The press release detailing this announcement is attached hereto as Exhibit 99.1 and is incorporated herein by reference.

 

Item 9.01 Financial Statements and Exhibits.

(d)    Exhibits

 

Exhibit No.   

Description

99.1    Press release dated March 21, 2007


SIGNATURE

Pursuant to the requirements of the Securities Exchange Act of 1934, the Registrant has duly caused this Report to be signed on its behalf by the undersigned thereunto duly authorized.

 

   
Date: March 21, 2007     By:   /s/ Francis J. Eversman
      Francis J. Eversman
      President and Chief Operating Officer
EX-99.1 2 dex991.htm EXHIBIT 99.1 Exhibit 99.1

Exhibit 99.1

For Immediate Release

Contact: Robert J. Stroh, Jr.

Stock Information Center

(618) 224-9095

March 21, 2007

SUGAR CREEK FINANCIAL CORP. ANNOUNCES COMPLETION OF

SUBSCRIPTION OFFERING AND

EXTENSION OF COMMUNITY OFFERING

Trenton, Illinois – Sugar Creek Financial Corp., holding company for Tempo Bank, announced today that it has completed its subscription offering to depositors and borrowers and that it has extended its community offering. In order to consummate the offering, the Company must sell a minimum of 344,250 shares at $10 per share. The Company has received subscriptions for approximately 281,000 shares, which excludes shares to be purchased by the employee stock ownership plan. These orders will be maintained by the Company, with interest on subscribers’ funds continuing to accrue until completion of the offering. The remaining shares are being offered to members of the general public in a community offering.

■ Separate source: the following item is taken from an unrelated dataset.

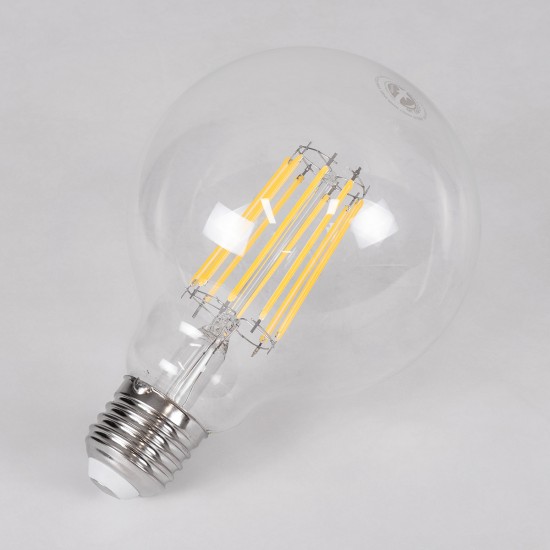 99054 Λάμπα LED Long Filament E27 G95 Γλόμπος 12W 1320lm 360° AC 220-240V IP20 Φ9.5 x Υ13.5cm Φυσικό Λευκό 4000K με Διάφανο Γυαλί - Dimmable - 3 Years Warranty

The completion of the offering remains subject to confirmation by RP Financial, LC., the Company’s independent appraiser, of the Company’s existing appraisal and receipt of final regulatory approvals.

The opportunity to subscribe for shares of common stock in the community offering is subject to the Company’s right to reject orders, in whole or part, either at the time of receipt of an order or as soon as practicable following the expiration date of the offering. If an order is rejected in part, the subscriber will not have the right to cancel the remainder of his order.

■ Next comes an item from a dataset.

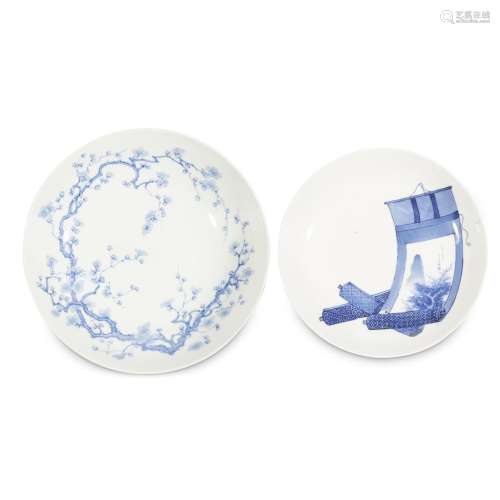 Two Japanese blue and white porcelain circular dishes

The terms and conditions of the community offering are more fully set forth in the Company’s prospectus dated February 12, 2007. The offering is made only by the prospectus and shares may only be subscribed for using the order forms provided by the Company. Persons interested in subscribing for stock in the community offering may request a prospectus and order form by calling the Company’s Stock Information Center at (618) 224-9095. The Company has not set an expiration date for the community offering and may terminate the community offering at any time. Therefore, interested persons should request offering materials and return order forms promptly.

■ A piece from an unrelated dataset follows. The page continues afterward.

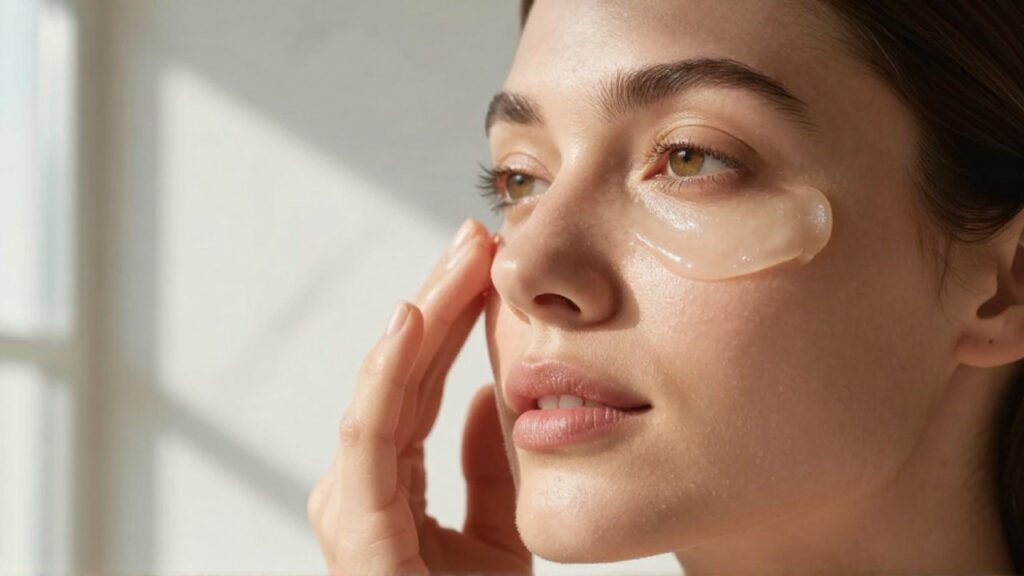 Mujer serena aplicándose un gel hidratante en el contorno de los ojos en un entorno luminoso.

This press release contains certain forward-looking statements about the proposed stock issuance by the Company. These include statements regarding the proposed timing of the offering. Forward-looking statements can be identified by the fact that they do not relate strictly to historical or current facts. They often include words like “believe,” “expect,” “anticipate,” “estimate” and “intend” or future or conditional verbs such as “will,”


“would,” “should,” “could” or “may.” Certain factors that could cause actual results to differ materially from expected results include delays in the offering, changes in the interest rate environment, changes in general economic conditions, legislative and regulatory changes that adversely affect the business of the Bank, and changes in the securities markets. Except as required by law, the Company does not undertake any obligation to update any forward-looking statements to reflect changes in belief, expectations or events.

This press release is neither an offer to sell nor a solicitation of an offer to buy any securities. The offer is made only by the prospectus. The shares of common stock offered by the Company are not savings accounts or savings deposits, may lose value and are not insured by the Federal Deposit Insurance Corporation or any other government agency.